I have to give it to David Willey, Editor-in-Chief of Runner’s World, for putting his goal of qualifying for the Boston Marathon out into the world and chronicling his journey via the Runner’s World Show. He’s working with the same team conducting Nike’s “Breaking2” project, in which three runners will be attempting to finish a marathon in under two hours. Not only does he have a team of technical professionals behind him to get him physically prepared for the attempt, but he has also received help on the psychological side from Dr. Robert Swoap. He recorded their session for the podcast (episode 46), which struck me as a deeply vulnerable thing to do. I really took to heart the advice and coping strategies Dr. Swoap offered, including visualizing how you’re going to react when things don’t go as planned.

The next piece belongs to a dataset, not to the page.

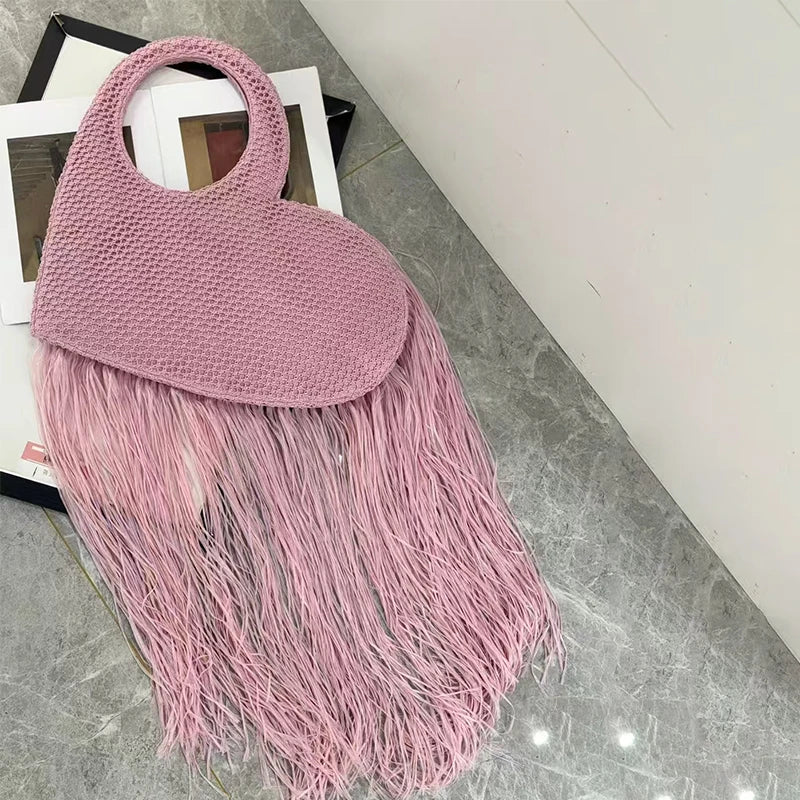 Creative Love Woven Underarm Bag Bohemian Tassel Fashion Design Large Capacity Handheld Beach Bag Hand-woven Tassel Women's Bag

Speaking of the psychological side of running, you’ll see the full scope of the mental ups and downs of completing a 100 mile race in Billy Yang’s documentary Life in a Day, where he follows the journey of four women vying for the win at the Western States. I was particularly moved by Devon Yanko‘s back story, from her origins in how she came to running, monstrosities she overcame at a young age, and how it has all shaped her into who she is today.

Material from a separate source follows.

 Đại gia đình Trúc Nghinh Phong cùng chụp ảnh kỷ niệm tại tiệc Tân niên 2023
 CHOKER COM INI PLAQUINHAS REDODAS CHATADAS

“It has been 9 years since I first ran the Boston Marathon. I still have never watched any race footage, it is still difficult to talk about. In fact, I am teary eyed as I type this out. But I have forgiven myself for not winning. Not only have I forgiven myself, but I have learned to appreciate Boston 2009. Over the years people have told me that it was the most inspiring race they saw, me going for it, fighting for the win. That has helped heal me and value what I did that day. I didn’t cross the line first, but I gave it all I had. I let everyone in, and they weren’t disappointed in me. They knew I did the best I could and that was enough.” -Kara Goucher on her first experience running the Boston Marathon. I’ve written it before, but I am among those who consider that run the most inspiring they’ve seen. Kara made it no secret that she wanted to win that year and she fought for it tooth and nail. She’s known for wearing her heart on her sleeve, but there’s no doubt she’s one of the fiercest competitors out there, evidenced by that race among many more. If you haven’t read it yet, here’s a great interview on where she’s at now.
Early October was a whirlwind between racing in the Chicago Marathon, playing my first Pink Feathers show in Portland, and attending Kara Goucher’s Podium Retreat in Tucson, Arizona. I’m still willing myself to write about Chicago (it was rough), so I’m kicking off with a recap of the retreat!
This was my second year attending Kara’s Podium Retreat. I initially signed up for it because, duh, Kara Goucher. I’ve been following her career since I began seriously running and paying more attention to the competitive running world in 2007 or so. I look up to her the most out of any runner I’ve met or read about. She’s a fiery competitor on the road and track and unlike many athletes, shows unabashed raw emotion when sharing about her experiences with training, racing, and motherhood. I could go on and on about my favorite Kara moments, but I’ll just list two:
The 2009 Boston Marathon. Kara’s goal was to win and she put herself in the position to. It came down to her and two other women at the end, Dire Tune and Salina Kosgei. I remember watching on TV and seeing Kara rip off her gloves somewhere in the last mile, throw them aside, and give everything she had to the finish line. She fought right down to the wire. She placed third, which was a huge feat for an American, but she wasn’t running for third. She burst into tears after crossing the finish line, and later at the press conference said “I’m proud of how I ran. I’m proud of how I did and I raced the best that I could, but I wanted to be the one who won for everybody.”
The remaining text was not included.